April 22, 2025

Buying Manufacturing Equipment: What To Check First.

How to Avoid Costly Mistakes

Estimated Read Time:

3 Minutes

Before you approve that next big equipment purchase, make sure your financial systems are giving you the full picture. Here's what every manufacturing owner or CFO needs to double-check before pulling the trigger.

Shmulie Munitz

Co-Founder, MUnitz & Co. LLC

The pressure is on.

Sales is forecasting a big jump.
Your team is overloaded.
A limited-time offer is about to expire.

And you are staring at a $300,000 quote.

Is it the right time to say yes?
To invest in a second machine?
To take things to the next level?

There’s a danger in buying too early.

If you’re wrong and your company is not ready, this kind of investment can sink your whole business.
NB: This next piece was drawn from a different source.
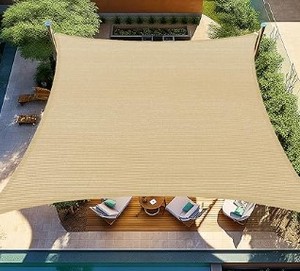 lot 7879 image: Outsunny 16ft x 20ft Sunshade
Working capital is a critical resource to keep your business running. If you bet wrong and wreck your cashflow, this could be the end.

So, how do you know it’s the right time?

 

Manufacturing CapEx Checklist:

Here’s 5 questions you should ask:

1.     Do you know your job-level profitability?

If you can’t break down your profit by job, line, or SKU then there is no way to know if a second machine will help or hurt. High volume doesn’t necessarily mean high margins. If you have a product that is eating into your profit, making more of it will only cause bigger problems.

2.     Do you understand your overhead costs?
Create a system to properly allocate overhead costs—things like rent, utilities, indirect labor, maintenance and repairs—so you can get a real picture of your margins. If you are not considering overhead costs, you might invest the $300K and not make a penny out of the deal!

3.     Can You Cash Flow it?
Many companies use a rolling 13-week cash flow model that is constantly updated to show them a fairly accurate prediction of their future cash flow. A tool like this can also be used to model different scenarios. For example, you can factor in your assumptions about the new machine and see how it plays across the entire business. In real time! This is critical to avoid nasty surprises.

4.     Are Your Systems Ready?
Does your factory run like, well, a factory? Without documented processes and procedures or “SOPs” you might come to the horrible realization that while everyone knows what they are supposed to be doing, they can’t explain it to a bunch of new hires at once. Suddenly, the floor becomes a scene of chaos and pandemonium as the process falls apart left and right. Make sure everything is systemized before you scale, so operations ramp up without a hitch.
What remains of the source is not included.